Start of Block
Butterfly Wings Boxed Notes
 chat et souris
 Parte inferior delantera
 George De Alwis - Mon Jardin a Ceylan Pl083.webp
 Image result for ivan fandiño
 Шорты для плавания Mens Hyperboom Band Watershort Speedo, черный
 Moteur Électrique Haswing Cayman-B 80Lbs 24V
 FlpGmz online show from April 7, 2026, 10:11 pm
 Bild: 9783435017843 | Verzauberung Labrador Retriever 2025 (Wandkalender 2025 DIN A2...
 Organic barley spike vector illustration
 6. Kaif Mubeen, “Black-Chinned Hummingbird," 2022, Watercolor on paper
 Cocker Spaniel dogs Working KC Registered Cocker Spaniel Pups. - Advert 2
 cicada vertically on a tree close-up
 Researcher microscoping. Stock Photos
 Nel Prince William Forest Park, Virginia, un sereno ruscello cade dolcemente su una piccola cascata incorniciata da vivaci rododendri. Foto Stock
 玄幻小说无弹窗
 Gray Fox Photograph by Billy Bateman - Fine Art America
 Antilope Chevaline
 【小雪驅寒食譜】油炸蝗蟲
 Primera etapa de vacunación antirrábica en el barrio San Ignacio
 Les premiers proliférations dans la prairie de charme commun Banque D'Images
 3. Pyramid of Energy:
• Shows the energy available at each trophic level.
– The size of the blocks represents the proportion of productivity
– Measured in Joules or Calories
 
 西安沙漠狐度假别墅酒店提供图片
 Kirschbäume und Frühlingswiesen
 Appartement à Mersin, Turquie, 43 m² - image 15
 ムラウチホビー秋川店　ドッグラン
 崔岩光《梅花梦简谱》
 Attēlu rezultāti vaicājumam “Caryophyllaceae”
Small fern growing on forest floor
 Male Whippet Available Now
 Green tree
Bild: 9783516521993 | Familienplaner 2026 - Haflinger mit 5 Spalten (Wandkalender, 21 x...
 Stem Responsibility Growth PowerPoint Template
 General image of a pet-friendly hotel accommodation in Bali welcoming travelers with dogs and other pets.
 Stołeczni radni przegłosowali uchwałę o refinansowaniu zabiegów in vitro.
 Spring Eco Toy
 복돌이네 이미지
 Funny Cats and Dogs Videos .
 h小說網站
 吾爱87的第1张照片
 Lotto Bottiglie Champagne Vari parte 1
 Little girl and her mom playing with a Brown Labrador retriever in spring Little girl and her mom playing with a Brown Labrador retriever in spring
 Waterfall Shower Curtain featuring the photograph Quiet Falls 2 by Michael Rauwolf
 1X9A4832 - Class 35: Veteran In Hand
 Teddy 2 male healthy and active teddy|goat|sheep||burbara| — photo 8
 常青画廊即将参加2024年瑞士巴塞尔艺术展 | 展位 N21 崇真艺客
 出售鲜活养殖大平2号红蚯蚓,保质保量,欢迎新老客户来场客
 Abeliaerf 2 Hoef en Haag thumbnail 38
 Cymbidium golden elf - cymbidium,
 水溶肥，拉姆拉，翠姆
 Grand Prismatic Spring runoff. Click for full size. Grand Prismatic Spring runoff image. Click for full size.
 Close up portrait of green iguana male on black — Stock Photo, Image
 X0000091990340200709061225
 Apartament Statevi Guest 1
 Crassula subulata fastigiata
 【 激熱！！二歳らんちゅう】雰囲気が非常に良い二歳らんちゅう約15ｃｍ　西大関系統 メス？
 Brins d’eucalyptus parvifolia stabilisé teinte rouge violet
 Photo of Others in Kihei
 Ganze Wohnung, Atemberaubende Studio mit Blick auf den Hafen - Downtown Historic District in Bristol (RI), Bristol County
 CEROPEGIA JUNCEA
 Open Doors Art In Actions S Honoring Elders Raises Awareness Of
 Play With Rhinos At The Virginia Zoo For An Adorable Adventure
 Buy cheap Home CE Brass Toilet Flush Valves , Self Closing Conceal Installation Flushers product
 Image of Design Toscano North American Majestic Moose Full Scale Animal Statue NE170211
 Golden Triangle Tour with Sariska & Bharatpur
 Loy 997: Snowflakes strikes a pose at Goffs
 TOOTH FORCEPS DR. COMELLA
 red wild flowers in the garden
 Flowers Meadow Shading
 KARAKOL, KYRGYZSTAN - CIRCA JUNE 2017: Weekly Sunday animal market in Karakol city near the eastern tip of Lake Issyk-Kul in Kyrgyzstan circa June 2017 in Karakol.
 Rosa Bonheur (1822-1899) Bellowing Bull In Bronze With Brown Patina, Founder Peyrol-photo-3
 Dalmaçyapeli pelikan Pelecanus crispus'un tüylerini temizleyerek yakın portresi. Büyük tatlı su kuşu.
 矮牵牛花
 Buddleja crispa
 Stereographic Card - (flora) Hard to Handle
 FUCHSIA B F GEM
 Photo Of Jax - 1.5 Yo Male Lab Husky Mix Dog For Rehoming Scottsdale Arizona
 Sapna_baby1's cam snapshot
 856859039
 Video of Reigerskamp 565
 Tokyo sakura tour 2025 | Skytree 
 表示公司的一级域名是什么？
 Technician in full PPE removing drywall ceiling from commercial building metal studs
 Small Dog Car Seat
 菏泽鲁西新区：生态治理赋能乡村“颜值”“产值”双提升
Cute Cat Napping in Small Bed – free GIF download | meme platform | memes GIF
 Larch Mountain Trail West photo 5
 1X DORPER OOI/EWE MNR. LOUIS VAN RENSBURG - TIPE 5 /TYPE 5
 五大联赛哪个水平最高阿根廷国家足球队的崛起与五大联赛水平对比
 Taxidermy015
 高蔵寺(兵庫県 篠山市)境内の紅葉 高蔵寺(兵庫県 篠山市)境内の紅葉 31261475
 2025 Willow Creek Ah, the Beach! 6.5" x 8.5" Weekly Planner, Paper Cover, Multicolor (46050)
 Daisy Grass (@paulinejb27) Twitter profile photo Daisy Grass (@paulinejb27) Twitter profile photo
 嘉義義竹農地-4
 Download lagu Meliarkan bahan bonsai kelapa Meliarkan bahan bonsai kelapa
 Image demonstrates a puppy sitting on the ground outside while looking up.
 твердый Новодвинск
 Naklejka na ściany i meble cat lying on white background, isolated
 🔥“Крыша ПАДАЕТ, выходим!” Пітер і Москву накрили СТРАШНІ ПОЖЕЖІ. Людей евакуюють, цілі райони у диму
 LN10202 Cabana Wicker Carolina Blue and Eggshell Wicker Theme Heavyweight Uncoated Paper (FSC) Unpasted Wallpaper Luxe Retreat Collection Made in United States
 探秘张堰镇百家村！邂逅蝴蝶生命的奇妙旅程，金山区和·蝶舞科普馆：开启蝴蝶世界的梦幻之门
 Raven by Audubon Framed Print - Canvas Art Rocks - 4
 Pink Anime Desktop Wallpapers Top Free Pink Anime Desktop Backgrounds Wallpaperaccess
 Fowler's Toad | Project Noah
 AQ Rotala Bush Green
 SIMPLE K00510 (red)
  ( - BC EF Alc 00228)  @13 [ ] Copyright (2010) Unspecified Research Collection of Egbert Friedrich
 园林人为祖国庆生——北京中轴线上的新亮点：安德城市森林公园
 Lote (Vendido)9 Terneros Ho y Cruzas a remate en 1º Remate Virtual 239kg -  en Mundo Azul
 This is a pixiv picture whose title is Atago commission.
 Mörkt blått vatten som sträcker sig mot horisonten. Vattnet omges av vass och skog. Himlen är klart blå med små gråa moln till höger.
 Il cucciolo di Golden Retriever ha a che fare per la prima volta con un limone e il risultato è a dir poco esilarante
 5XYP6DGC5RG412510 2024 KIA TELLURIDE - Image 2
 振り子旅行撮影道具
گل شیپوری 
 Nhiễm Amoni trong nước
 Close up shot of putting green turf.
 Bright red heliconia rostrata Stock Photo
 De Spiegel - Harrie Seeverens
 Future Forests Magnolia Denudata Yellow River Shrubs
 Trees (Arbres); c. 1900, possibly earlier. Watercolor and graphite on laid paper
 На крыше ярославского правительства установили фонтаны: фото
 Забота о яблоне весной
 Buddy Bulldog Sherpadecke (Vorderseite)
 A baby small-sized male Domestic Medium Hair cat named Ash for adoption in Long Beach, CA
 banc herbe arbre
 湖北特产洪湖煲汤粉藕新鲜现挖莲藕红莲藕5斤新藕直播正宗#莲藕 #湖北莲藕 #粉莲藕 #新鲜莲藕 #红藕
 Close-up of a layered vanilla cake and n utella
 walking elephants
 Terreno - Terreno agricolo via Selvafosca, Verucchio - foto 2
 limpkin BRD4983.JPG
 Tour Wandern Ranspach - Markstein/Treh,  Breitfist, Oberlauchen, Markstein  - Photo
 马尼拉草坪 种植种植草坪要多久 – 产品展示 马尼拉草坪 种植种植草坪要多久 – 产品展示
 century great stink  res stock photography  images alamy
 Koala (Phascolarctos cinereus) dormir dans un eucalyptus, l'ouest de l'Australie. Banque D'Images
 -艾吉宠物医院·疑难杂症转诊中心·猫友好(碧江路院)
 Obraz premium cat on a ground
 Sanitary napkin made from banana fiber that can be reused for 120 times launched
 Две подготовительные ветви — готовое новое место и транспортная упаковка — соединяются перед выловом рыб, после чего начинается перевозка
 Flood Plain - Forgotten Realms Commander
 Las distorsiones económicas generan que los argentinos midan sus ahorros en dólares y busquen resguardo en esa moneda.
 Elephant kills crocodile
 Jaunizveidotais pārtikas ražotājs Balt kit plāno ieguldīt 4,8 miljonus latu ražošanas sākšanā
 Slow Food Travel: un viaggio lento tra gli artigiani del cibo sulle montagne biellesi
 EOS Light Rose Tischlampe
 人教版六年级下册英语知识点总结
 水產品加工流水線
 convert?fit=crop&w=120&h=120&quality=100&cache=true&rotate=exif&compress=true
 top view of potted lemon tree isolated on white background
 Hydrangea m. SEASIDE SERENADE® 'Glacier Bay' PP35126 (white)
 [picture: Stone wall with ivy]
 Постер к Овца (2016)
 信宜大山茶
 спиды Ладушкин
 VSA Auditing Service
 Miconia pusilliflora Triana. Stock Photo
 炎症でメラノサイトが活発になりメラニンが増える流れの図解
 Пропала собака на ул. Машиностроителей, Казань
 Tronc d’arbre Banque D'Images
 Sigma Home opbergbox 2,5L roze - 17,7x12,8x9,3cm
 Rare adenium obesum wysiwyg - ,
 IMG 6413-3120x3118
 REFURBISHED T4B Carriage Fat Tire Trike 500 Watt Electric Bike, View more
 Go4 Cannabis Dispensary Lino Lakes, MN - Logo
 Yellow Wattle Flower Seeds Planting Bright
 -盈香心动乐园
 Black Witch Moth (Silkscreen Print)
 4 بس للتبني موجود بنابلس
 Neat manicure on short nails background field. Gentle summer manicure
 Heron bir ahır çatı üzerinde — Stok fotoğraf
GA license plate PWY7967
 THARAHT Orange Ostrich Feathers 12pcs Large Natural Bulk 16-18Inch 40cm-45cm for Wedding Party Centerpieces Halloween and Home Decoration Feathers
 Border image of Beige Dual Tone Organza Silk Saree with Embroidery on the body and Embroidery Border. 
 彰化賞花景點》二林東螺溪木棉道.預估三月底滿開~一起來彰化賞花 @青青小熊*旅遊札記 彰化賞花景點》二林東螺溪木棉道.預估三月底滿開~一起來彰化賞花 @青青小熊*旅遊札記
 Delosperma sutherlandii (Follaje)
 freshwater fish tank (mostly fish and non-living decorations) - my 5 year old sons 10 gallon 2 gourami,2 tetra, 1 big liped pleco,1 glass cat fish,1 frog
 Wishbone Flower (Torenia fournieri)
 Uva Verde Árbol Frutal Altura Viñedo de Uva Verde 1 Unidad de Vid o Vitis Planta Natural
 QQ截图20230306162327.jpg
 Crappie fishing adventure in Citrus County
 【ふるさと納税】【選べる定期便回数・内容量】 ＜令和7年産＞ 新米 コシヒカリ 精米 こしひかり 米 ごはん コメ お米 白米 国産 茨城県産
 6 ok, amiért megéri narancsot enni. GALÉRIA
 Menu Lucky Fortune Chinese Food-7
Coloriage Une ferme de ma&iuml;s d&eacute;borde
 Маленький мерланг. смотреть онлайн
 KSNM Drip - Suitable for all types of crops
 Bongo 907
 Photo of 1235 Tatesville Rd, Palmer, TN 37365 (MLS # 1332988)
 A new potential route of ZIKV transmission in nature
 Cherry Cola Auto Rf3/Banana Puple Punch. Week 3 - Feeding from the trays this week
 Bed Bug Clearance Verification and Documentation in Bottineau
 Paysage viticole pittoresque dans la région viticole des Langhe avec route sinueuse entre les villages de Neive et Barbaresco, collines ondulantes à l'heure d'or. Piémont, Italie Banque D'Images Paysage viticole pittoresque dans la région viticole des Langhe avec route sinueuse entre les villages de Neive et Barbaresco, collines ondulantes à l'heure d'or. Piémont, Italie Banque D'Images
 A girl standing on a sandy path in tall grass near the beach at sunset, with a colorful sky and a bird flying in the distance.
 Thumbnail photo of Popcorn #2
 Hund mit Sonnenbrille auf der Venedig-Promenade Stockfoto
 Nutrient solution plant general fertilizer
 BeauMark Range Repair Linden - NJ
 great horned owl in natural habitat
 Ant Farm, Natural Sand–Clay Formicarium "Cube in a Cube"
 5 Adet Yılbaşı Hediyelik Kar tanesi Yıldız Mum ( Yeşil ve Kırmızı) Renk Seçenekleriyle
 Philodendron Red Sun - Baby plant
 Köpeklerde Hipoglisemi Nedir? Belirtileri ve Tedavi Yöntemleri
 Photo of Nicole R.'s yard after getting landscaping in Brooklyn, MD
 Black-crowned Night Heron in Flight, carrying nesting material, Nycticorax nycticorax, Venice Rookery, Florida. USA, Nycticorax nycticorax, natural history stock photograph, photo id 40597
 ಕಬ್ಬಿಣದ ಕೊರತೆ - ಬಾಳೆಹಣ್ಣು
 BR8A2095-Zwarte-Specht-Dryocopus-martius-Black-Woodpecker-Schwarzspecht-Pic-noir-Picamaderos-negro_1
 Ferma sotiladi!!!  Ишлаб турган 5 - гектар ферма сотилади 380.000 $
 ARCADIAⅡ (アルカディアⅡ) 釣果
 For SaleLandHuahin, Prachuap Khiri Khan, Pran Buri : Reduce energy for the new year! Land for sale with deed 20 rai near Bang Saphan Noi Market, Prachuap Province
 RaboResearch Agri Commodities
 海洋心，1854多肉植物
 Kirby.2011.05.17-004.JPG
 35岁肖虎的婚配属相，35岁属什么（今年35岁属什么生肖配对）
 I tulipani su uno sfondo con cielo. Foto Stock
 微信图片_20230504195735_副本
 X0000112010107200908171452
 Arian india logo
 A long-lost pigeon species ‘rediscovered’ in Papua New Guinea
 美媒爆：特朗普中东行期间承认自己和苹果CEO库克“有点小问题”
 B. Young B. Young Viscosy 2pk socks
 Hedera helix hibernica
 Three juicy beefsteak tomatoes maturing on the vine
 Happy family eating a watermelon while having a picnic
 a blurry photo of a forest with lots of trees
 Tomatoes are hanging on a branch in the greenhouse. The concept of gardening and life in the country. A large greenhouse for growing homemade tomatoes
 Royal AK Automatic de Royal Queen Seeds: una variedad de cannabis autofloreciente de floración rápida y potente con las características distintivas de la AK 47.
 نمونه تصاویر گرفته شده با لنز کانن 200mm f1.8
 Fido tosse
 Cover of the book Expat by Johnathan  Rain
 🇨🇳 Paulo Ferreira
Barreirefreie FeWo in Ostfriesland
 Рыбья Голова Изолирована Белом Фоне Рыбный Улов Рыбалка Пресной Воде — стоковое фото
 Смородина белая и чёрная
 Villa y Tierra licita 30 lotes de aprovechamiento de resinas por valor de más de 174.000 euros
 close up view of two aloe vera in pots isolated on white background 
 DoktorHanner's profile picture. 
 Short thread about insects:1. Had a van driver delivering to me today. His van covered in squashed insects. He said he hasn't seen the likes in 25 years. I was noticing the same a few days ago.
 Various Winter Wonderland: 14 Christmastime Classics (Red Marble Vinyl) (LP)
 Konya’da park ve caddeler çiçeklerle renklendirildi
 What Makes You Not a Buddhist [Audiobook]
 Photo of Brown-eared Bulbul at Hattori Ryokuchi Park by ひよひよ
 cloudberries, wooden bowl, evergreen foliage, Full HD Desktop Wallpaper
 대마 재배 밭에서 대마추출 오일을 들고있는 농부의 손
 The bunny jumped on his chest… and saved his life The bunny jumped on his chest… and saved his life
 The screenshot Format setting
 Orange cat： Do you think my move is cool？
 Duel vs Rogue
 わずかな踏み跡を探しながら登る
End of Block
_Exercise details_
In the data above, find the line with "Lotto Bottiglie Champagne Vari parte 1" and the line with "Play With Rhinos". Retype both, plus every line between them, exactly.

_Answer for this exercise_
 Lotto Bottiglie Champagne Vari parte 1
 Little girl and her mom playing with a Brown Labrador retriever in spring Little girl and her mom playing with a Brown Labrador retriever in spring
 Waterfall Shower Curtain featuring the photograph Quiet Falls 2 by Michael Rauwolf
 1X9A4832 - Class 35: Veteran In Hand
 Teddy 2 male healthy and active teddy|goat|sheep||burbara| — photo 8
 常青画廊即将参加2024年瑞士巴塞尔艺术展 | 展位 N21 崇真艺客
 出售鲜活养殖大平2号红蚯蚓,保质保量,欢迎新老客户来场客
 Abeliaerf 2 Hoef en Haag thumbnail 38
 Cymbidium golden elf - cymbidium,
 水溶肥，拉姆拉，翠姆
 Grand Prismatic Spring runoff. Click for full size. Grand Prismatic Spring runoff image. Click for full size.
 Close up portrait of green iguana male on black — Stock Photo, Image
 X0000091990340200709061225
 Apartament Statevi Guest 1
 Crassula subulata fastigiata
 【 激熱！！二歳らんちゅう】雰囲気が非常に良い二歳らんちゅう約15ｃｍ　西大関系統 メス？
 Brins d’eucalyptus parvifolia stabilisé teinte rouge violet
 Photo of Others in Kihei
 Ganze Wohnung, Atemberaubende Studio mit Blick auf den Hafen - Downtown Historic District in Bristol (RI), Bristol County
 CEROPEGIA JUNCEA
 Open Doors Art In Actions S Honoring Elders Raises Awareness Of
 Play With Rhinos At The Virginia Zoo For An Adorable Adventure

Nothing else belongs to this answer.